Faith and her sister, Ally, 8, had to devote eight weeks to a hunter education course. That meant reading and studying in addition to their regular school work and soccer practice. And they had to devote extra time to passing the field skills and shooting requirement, which they completed at the end of April.
Their regular bedtime is 8:30, but during that period they were staying up past 10. “I expected a meltdown anytime,” Chris recalled.
On the contrary, they passed the course and skills exams on April 23 and asked if they could go hunting the next day. They bought their tags on the way home from the field test.
Chris, an avid hunter, was flying high.
“My favorite part of the first hunt,” he said, “was watching young girls walk through the woods with their guns for the first time knowing that they had a real tag and license in their pocket, practicing perfect muzzle control, and doing everything they had been taught by Greg Koehn, their hunter ed instructor, over the past week.”
They tried several evening hunts with no luck before making the extra sacrifice to plan morning hunts.
Ally scored first, with a perfect 15-yard shot at a tom her dad called in to their blind.
“I couldn’t help but laugh when she whispered “Dad why are my hands shaking.”
Faith had to buck up to her younger sister’s early success at filling her tag and seeing her dad beam bright like the sun that rose above the hills a few minutes later.
As most hunters know, success doesn’t always come so easy.
Faith had to try many more times, scouting in the evenings with her dad and then getting up extra early as the days got longer to be hiking in the field before daylight only to have to cut the hunts short to go to school or soccer games.
“She is starting to figure out that there is more to hunting then harvesting,” he said after coming close to success, but not close enough.
“On May 25, she finally got her chance before school,” Chris said. “Four toms were talking. We didn’t have time to set up the blind and try to call so we decided on a stalk. I knew that I had to find her a rest (for the shotgun).
“We used the trees and brush to get in as close as we could. With me lying on my back, my hand on a tree with one finger sticking out for a rest for the barrel she lined up. There were four toms and three deer all within shooting range.”
Faith was on her own. Her dad was on his back. He was looking at her, but couldn’t see the turkeys.
“I just kept telling her to line up her bead and aim for the head. She kept saying he’s behind a tree. The longer she waited the more she shook.
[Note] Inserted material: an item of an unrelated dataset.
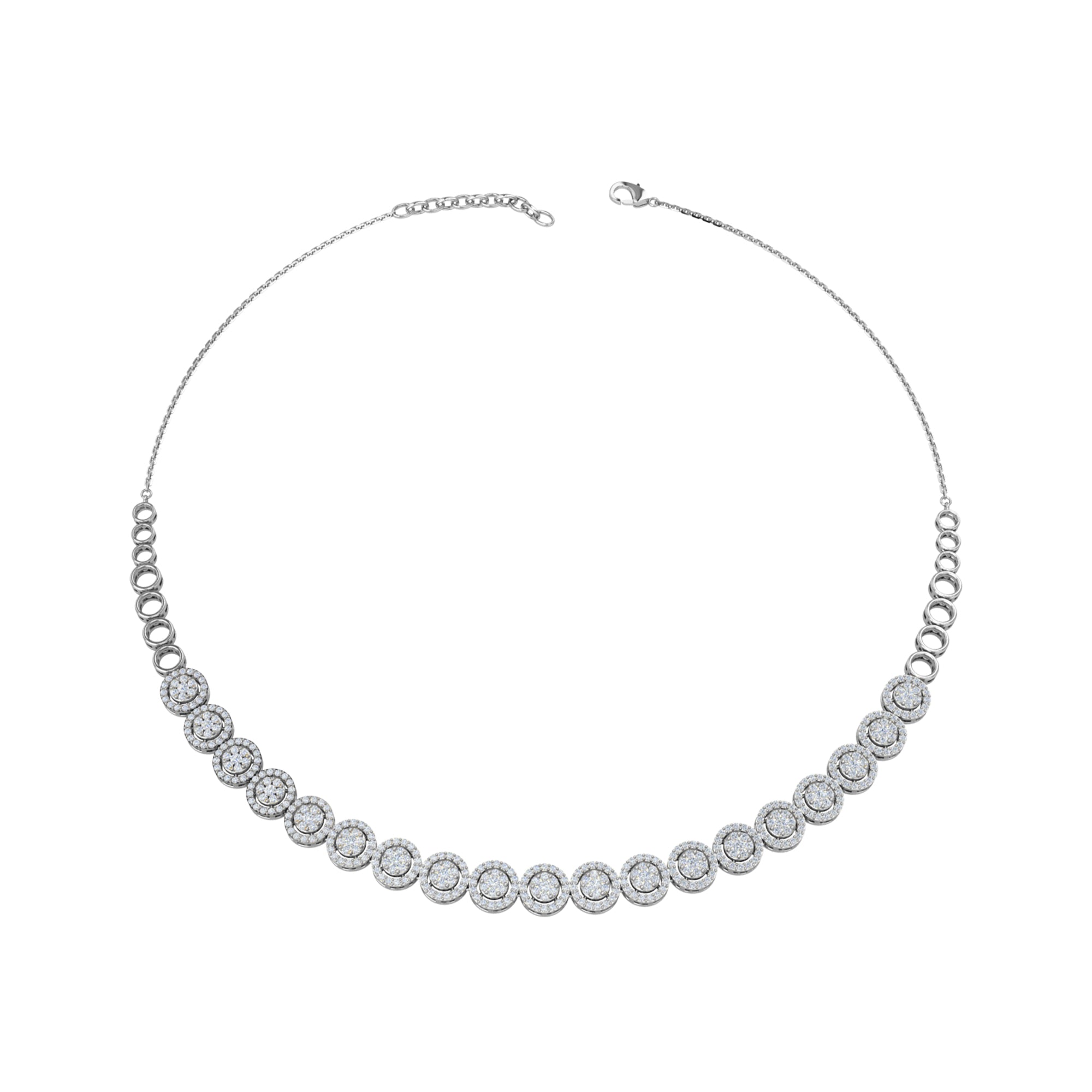 RKC-Karatgewicht: 3,6 CT, bezauberndes Halsketten-Set aus 925er-Silber mit 14-Karat-Gelbgoldbeschichtung. Produktgewicht: 13 GM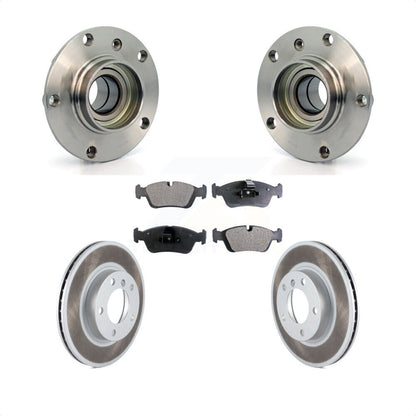 Hub Bearing Coated Brake Rotor & Pad Front Kit For BMW Z3 Z4 320i 328i 323i 318i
“I was trying not to giggle but how can you not?
“Finally the shotgun fired. The first thing out of her mouth was ‘Oh my gosh! I got him, Daddy.’ “
“I even got her to school with two minutes to spare.”
That gave Chris a chance to chill his emotions and reflect.
“There’s something wonderful about spending time in the woods with your kids,” he said.
It’s one way kids can celebrate Father’s Day any day of the year.